Potential use of Nikkomycin Z as an anti- Sporothrix spp. drug.

Sporotrichosis, the most common subcutaneous mycosis in several countries, is caused by the dimorphic fungus, Sporothrix spp. Given some limitations in the treatment of this disease, and the high potential of nikkomycin Z (NikZ) as an antifungal against dimorphic fungi, this study aimed to evaluate the in vitro susceptibility of Sporothrix spp. to NikZ alone and with the drug of choice, itraconazole (ITZ). Seventeen clinical isolates of three Sporothrix spp. species (10 S. brasiliensis, six S. schenckii sensu stricto and one S. globosa) were tested in microdilution and checkerboard assays. Minimal inhibitory concentration (MIC), minimal fungicidal concentration (MFC), fractional inhibitory and fungicidal concentration indexes (FICi and FFCi) were analyzed. MIC of NikZ alone could be determined against S. globosa (12.5 µg/ml) and against 67% (4/6) and 30% (3/10) of the S. schenckii sensu stricto and S. brasiliensis isolates, respectively (≤ 400 µg/ml). Synergism with ITZ was showed against almost all the isolates tested (94%; 16/17), including reversing resistance to ITZ alone in some isolates. Our study shows the potential of NikZ in sporotrichosis treatment. Further studies in experimental models are needed to understand the possible future application of this drug as an alternative therapy or as an adjuvant in sporotrichosis treatment. LAY ABSTRACT: Sporotrichosis is a subcutaneous and lymphatic infection, caused by fungi of Sporothrix spp. Our study shows the potential of NikZ to inhibiting Sporothrix species in vitro. Further studies are needed to understand the future application of this drug to sporotrichosis treatment.

Anti-Sporothrix activity of ibuprofen combined with antifungal.

The in vitro activity of ibuprofen, a nonsteroidal anti-inflammatory drug, was evaluated against Sporothrix brasiliensis and S. schenckii, either alone or in combination with amphotericin B, itraconazole, or terbinafine.
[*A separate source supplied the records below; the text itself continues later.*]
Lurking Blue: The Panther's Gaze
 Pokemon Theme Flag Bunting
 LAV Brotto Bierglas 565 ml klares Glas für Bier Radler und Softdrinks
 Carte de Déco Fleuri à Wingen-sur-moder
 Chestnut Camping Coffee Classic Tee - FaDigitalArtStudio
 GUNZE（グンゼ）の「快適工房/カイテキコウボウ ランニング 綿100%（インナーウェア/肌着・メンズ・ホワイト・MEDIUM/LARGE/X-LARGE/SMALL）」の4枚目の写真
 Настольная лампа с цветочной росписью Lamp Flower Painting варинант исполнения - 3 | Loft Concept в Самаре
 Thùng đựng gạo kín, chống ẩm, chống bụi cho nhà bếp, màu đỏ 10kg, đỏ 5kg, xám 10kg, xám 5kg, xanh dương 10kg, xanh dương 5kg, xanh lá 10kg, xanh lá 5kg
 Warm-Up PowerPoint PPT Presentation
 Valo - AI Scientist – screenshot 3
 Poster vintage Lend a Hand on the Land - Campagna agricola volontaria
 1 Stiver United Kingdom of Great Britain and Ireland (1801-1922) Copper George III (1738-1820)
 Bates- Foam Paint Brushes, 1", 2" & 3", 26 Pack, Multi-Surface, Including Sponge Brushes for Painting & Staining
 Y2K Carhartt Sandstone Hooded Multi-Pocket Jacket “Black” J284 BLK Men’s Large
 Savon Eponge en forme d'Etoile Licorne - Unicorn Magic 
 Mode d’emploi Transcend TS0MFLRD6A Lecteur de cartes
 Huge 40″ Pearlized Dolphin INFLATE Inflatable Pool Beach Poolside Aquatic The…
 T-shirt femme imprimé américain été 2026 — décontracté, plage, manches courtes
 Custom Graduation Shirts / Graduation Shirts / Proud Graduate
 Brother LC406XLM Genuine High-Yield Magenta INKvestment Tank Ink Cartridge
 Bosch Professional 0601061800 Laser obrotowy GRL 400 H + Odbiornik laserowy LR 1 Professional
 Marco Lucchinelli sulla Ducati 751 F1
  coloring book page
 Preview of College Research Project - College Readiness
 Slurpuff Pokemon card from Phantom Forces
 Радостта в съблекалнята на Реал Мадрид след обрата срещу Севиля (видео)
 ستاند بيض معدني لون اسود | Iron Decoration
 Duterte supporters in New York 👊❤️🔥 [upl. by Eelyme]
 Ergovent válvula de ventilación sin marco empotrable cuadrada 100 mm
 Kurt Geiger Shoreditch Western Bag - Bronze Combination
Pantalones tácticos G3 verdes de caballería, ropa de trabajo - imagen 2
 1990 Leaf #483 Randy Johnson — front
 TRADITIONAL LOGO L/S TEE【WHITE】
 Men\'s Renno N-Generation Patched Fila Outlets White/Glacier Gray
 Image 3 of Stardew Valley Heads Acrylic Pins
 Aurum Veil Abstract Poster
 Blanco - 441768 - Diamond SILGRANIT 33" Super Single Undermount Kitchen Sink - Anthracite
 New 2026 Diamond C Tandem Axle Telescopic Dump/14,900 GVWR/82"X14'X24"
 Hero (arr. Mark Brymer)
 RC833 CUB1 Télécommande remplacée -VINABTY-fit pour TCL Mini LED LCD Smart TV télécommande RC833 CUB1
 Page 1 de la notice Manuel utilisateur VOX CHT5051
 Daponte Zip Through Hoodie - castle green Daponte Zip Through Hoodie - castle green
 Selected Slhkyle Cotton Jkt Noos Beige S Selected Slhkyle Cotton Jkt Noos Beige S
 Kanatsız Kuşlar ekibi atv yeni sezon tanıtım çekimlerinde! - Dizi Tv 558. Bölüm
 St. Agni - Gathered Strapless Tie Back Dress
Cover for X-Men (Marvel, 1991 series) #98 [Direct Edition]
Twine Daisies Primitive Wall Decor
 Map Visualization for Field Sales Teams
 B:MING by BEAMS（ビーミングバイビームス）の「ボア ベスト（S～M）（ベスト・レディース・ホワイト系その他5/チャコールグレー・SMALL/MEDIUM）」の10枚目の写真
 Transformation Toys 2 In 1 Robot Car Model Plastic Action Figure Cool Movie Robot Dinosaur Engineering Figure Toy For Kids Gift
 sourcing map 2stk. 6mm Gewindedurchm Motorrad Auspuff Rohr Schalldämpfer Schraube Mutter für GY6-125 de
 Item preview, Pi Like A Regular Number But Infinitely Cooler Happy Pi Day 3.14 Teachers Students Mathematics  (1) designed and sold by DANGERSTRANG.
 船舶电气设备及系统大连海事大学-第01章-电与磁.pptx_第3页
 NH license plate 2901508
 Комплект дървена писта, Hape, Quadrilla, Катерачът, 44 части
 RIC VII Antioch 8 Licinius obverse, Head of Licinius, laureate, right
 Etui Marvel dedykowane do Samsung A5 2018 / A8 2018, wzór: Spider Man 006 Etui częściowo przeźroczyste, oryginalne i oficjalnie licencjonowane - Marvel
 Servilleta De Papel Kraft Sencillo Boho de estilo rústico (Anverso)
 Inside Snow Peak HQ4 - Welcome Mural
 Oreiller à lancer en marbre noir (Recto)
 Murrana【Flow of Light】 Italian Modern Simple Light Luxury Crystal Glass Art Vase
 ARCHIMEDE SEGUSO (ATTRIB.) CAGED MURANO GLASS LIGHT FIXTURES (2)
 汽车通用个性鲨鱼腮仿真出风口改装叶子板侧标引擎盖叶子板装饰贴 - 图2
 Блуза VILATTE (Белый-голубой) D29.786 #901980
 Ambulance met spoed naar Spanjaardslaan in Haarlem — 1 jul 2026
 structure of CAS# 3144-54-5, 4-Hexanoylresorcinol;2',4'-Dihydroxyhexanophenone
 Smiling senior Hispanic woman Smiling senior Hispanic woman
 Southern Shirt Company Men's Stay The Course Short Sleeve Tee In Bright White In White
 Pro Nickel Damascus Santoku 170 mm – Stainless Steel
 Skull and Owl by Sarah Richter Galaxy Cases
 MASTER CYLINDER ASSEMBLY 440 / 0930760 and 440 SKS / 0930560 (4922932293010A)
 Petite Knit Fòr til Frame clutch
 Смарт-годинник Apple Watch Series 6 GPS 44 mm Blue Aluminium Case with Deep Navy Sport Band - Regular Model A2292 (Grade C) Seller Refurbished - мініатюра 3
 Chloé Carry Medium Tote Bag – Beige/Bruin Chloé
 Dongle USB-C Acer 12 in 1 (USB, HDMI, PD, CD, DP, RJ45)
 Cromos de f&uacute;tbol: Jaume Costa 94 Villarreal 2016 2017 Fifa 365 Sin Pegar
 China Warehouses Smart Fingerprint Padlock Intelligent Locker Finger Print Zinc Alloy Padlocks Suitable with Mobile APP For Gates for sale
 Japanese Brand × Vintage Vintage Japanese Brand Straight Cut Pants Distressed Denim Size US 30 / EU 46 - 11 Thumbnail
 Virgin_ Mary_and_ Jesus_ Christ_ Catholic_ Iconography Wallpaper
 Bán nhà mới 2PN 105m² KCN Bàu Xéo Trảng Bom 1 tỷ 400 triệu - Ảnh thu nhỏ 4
The inhibitory activity of ibuprofen as a single agent was determined according to minimum inhibitory concentration (MIC) values, while the effect of ibuprofen combined with amphotericin B, itraconazole, or terbinafine was estimated by microdilution checkerboard methodology. The ultrastructural alterations of S. schenckii after exposure to the combination of ibuprofen and amphotericin B were evaluated by scanning electron microscopy (SEM) and flow cytometry analysis. As a single agent, ibuprofen inhibited Sporothrix growth with a MIC median of 256 µg/mL, while the MIC medians of ibuprofen in combination with antifungals were 16 µg/mL and 128 µg/mL. The MIC values of amphotericin B, itraconazole, and terbinafine were reduced when isolates were co-incubated with ibuprofen, mainly the polyene. The major alteration after treatment with the ibuprofen/amphotericin B combination was the increase in the presence of filamentous forms and high membrane damage with loss of plasma membrane integrity. In summary, we demonstrated that ibuprofen increases the in vitro activity of antifungals, mainly amphotericin B, against S. brasiliensis and S. schenckii. Future in vivo studies exploring combination therapy with ibuprofen and antifungals in animal models are needed to confirm its efficacy.